> _Task objective_:
Repeat each line of the listing exactly as written.

◆ ◆ ◆ ◆ ◆

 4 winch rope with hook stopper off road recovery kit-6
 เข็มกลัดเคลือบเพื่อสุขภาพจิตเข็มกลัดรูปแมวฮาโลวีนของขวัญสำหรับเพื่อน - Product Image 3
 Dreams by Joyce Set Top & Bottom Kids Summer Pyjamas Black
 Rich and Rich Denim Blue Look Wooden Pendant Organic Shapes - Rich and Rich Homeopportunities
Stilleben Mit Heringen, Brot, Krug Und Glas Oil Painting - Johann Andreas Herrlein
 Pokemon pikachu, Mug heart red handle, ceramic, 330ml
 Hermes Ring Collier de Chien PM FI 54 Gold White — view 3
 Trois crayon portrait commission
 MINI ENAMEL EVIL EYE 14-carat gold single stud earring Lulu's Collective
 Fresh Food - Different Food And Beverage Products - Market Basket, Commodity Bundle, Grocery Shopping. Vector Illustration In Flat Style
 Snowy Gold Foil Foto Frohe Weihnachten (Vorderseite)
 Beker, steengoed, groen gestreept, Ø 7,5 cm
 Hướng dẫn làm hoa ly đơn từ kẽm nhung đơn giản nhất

◆ ◆ ◆ ◆ ◆

> _Completed task_:
 4 winch rope with hook stopper off road recovery kit-6
 เข็มกลัดเคลือบเพื่อสุขภาพจิตเข็มกลัดรูปแมวฮาโลวีนของขวัญสำหรับเพื่อน - Product Image 3
 Dreams by Joyce Set Top & Bottom Kids Summer Pyjamas Black
 Rich and Rich Denim Blue Look Wooden Pendant Organic Shapes - Rich and Rich Homeopportunities
Stilleben Mit Heringen, Brot, Krug Und Glas Oil Painting - Johann Andreas Herrlein
 Pokemon pikachu, Mug heart red handle, ceramic, 330ml
 Hermes Ring Collier de Chien PM FI 54 Gold White — view 3
 Trois crayon portrait commission
 MINI ENAMEL EVIL EYE 14-carat gold single stud earring Lulu's Collective
 Fresh Food - Different Food And Beverage Products - Market Basket, Commodity Bundle, Grocery Shopping. Vector Illustration In Flat Style
 Snowy Gold Foil Foto Frohe Weihnachten (Vorderseite)
 Beker, steengoed, groen gestreept, Ø 7,5 cm
 Hướng dẫn làm hoa ly đơn từ kẽm nhung đơn giản nhất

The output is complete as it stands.